The idea of therapy fascinates me. I’ve never been, but Mum and Dad have. Look how that’s turned out. Obviously, they should have taken Dobie Squires along, as well. For a while during and after their sessions they did stop pointing at one another. This was a measure of success. But then I could see they were becoming competitive about it. If Dad pointed at Mum during a fight, she would make a note of it. Literally. They had these therapy diaries they had to keep. I know because I read them. Their problem was that although they both agreed to the therapy, they were both going along to make sure the other one got fixed. The therapist became a substitute parent. They were actually telling on each other in the diaries. I scoured those things for some
evidence of self-perception. Found nothing. Zip. What I did find were things like: ‘Tuesday 1.30pm Merrill pointed at me during a discussion—very aggressive’ and ‘Thursday 10.15pm Merrill raised his voice during a discussion—anger projection.’ Funny, she never mentioned the dog. The pointing at each other resumed in full after they found each other’s diaries.
Maud was in therapy long before the school made it mandatory for her. She told me about her therapist the day she came home in mittens. Not gloves, mittens. So her fingers were bagged. I’m still furious about that. Maud’s fingers are like a dancer’s body. Long, lithe, graceful. And they move a lot, even when she’s not pulling. Sometimes they just flutter in the air. Sometimes she flutters with one hand and draws with the other. Or pulls with the other. Putting her in mittens is like hobbling her. She used to take them off. A lot. To draw, and to pull. Now she doesn’t take them off at all. What’s next? If this therapist was willing to go mittens before Maud was found complicit in Stephanie Morcombe’s swan dive tuck position, I fully expect to find my love any day now with her head in a sack.
She doesn’t talk to me for ages, either. She shows me the
but for
letter, but that isn’t her talking to me; that’s Maud letting me eavesdrop on talk between the school and her parents. I watch her a lot and she can see
me watching, but still nothing. It’s when she draws the Thomas the Tank Engine curtains, twice, that I realise what’s going on. She isn’t shutting me out, per se—I haven’t done anything. Recently. She is shutting herself in. She is ashamed.
Does she take the mittens off behind those closed curtains? Does she pull? It’s unbelievably unfair that I am being denied access. I bet all the stuff she would otherwise be writing to me is going into a fucking therapy diary. And I won’t be able to read hers without breaking in! Maybe she isn’t pulling behind those closed curtains. Maybe she’s actually doing all her cognitive behavioural exercises (I read about those, too) and learning to control herself. Maybe she is having her agenda, and her religion, counselled right out of her.
Therapy works on shame. Or it does in my house, anyway. For just a brief period of time, my mum and dad shamed each other mercilessly. All their fights became steeped in quasi-analytical hyperbole. They attacked one another for stepping off the therapy straight and narrow and finished each other off by threatening to tell on each other with the counsellor.
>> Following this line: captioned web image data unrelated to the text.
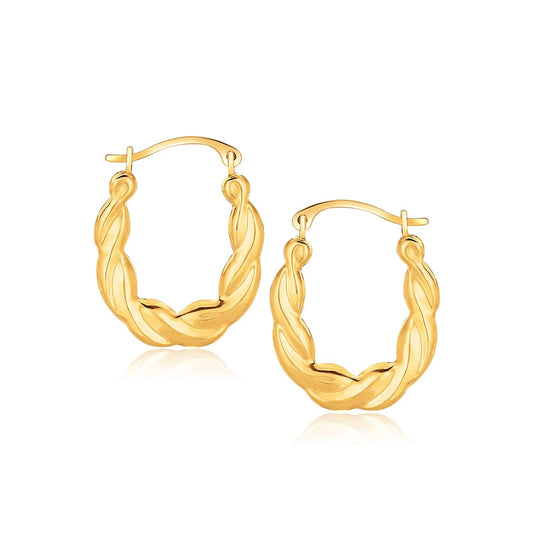 10k Yellow Gold Oval Twist Hoop Earrings-0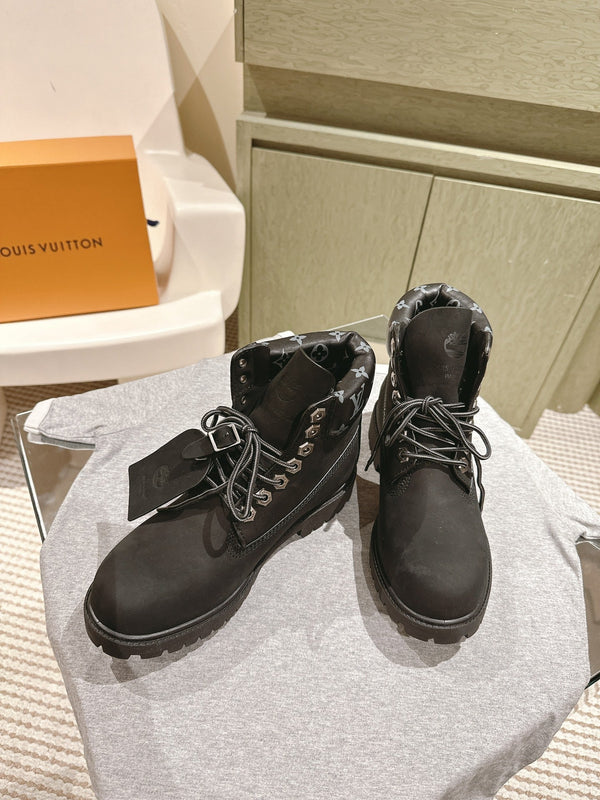 LV x Timberland 6in Ankle Boot 50mm Black Suede & Monogram Canvas 450427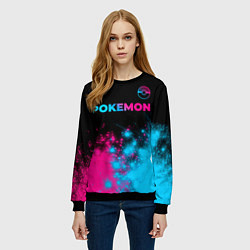 Свитшот женский Pokemon - neon gradient: символ сверху, цвет: 3D-черный — фото 2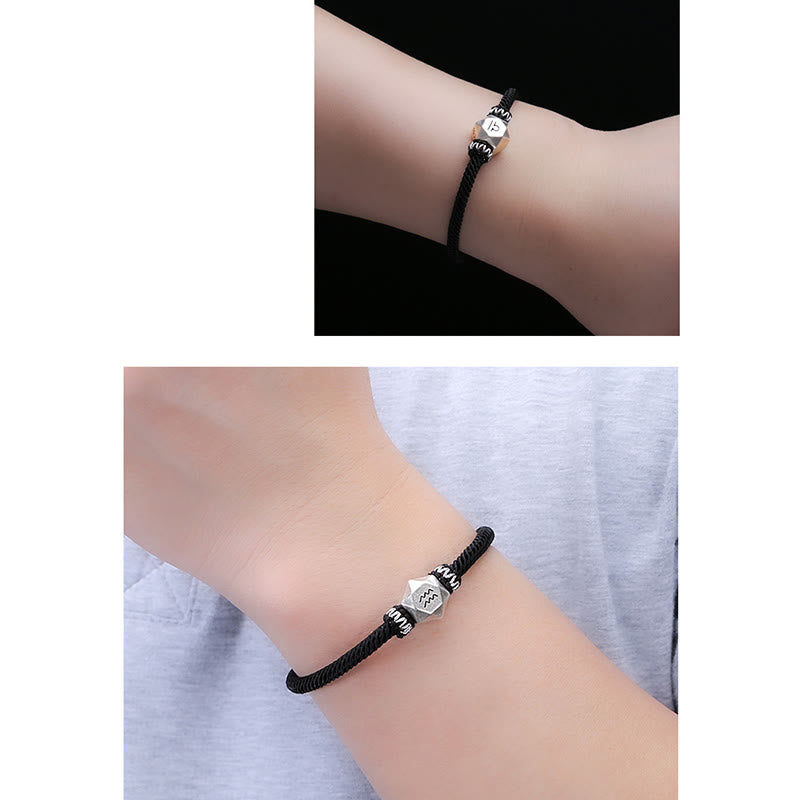 Buddha Stones 999 Srebro Sterling 12 Konstelacji Zodiaku Ochrona Ręcznie Robiona Bransoletka Sznurkowa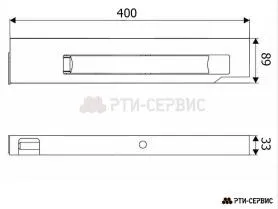 Замок борта алюминиевый 400 мм (правый) с заглушкой (ручка нержавейка)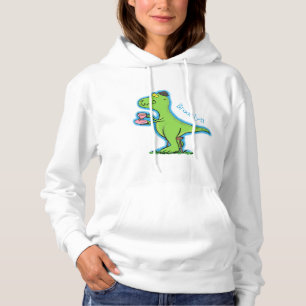 Cute funny green t rex dinosaur cartoon hoodie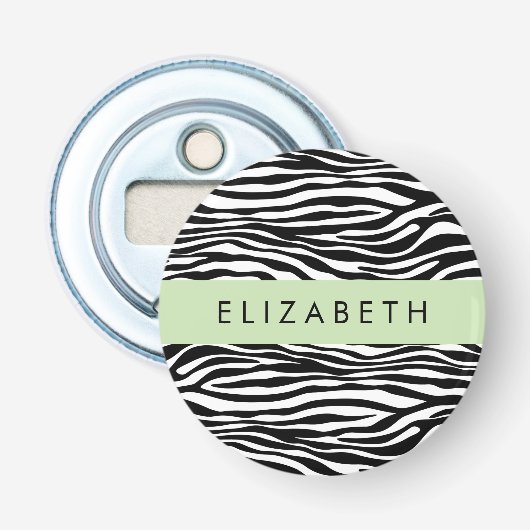 Zebraprint, strepen, zwart-wit, Jouw naam Button Flesopener (Voorkant)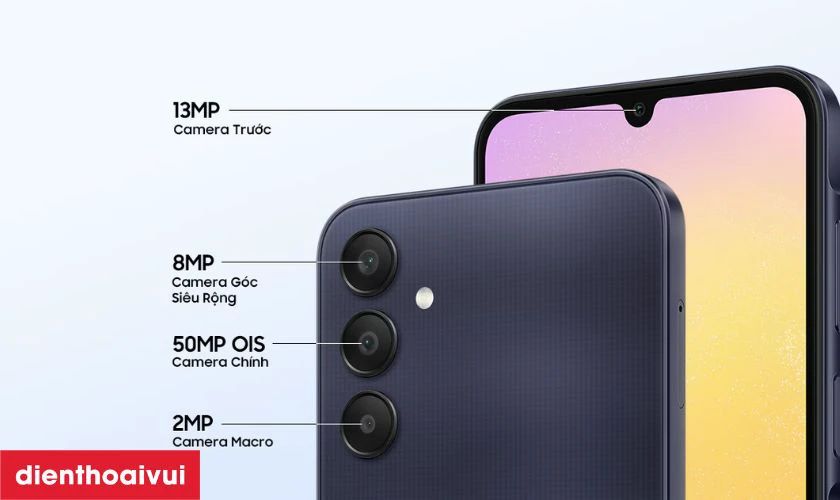 Camera ch&iacute;nh 50MP hỗ trợ chống rung OIS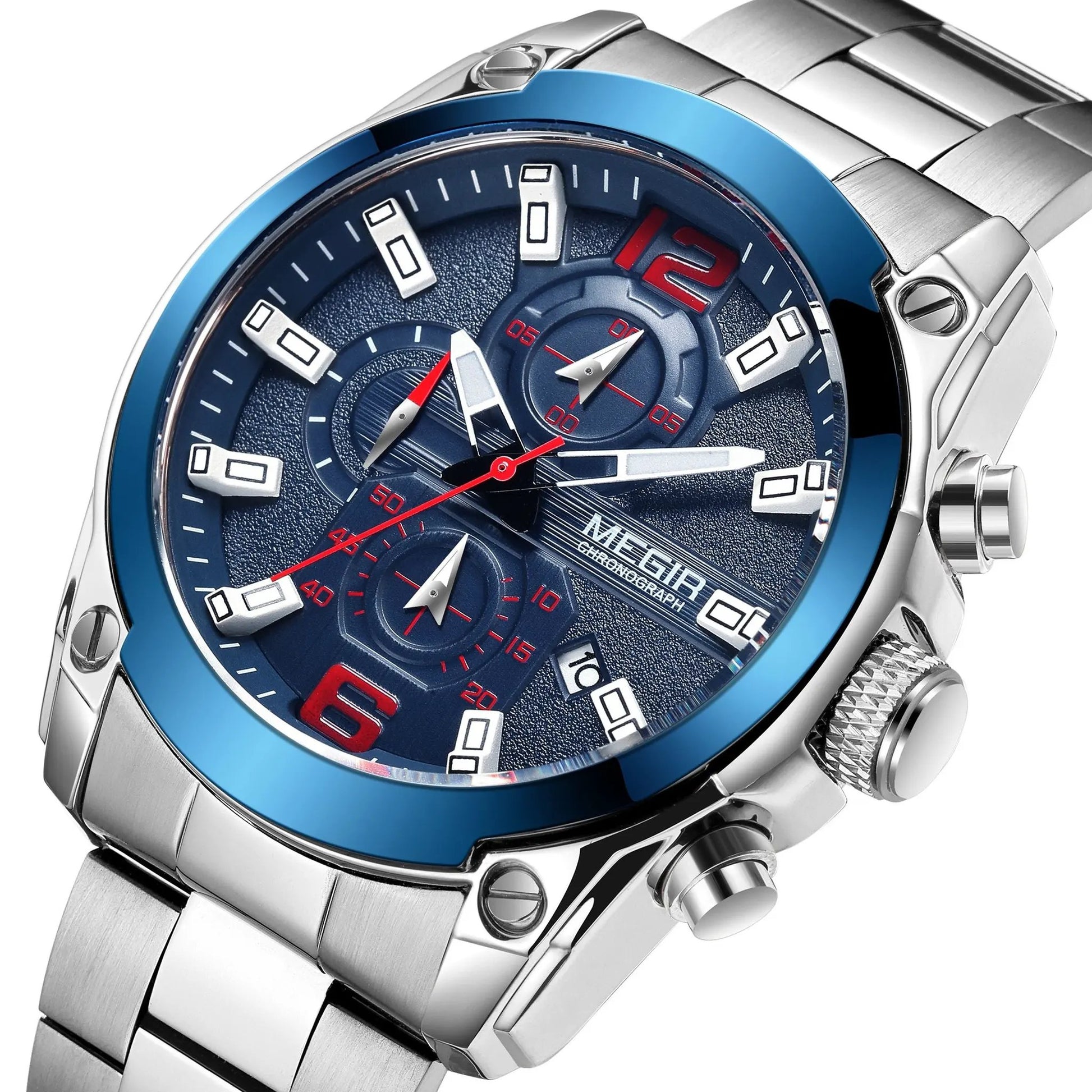 MEGIR Luxury Men Business Casual Wristwatch Chronograph Stainless Steel Waterproof Luminous Quartz Watch Clock Calendar Reloj Hombre 2063 by MEGIR WATCH GROUP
What’s interesting is how effective this was. Both of them were fearful of being found out. They would actually start to fret with the fear of discovery hanging over them. My mum cried the day Dad said to her, ‘God forbid Deidre should find out
what you’re really like.’ (Deidre is their therapist.) That’s when the shame thing clicked into place for me. It was also pretty clear that, for my mum, Deidre had replaced God in our house.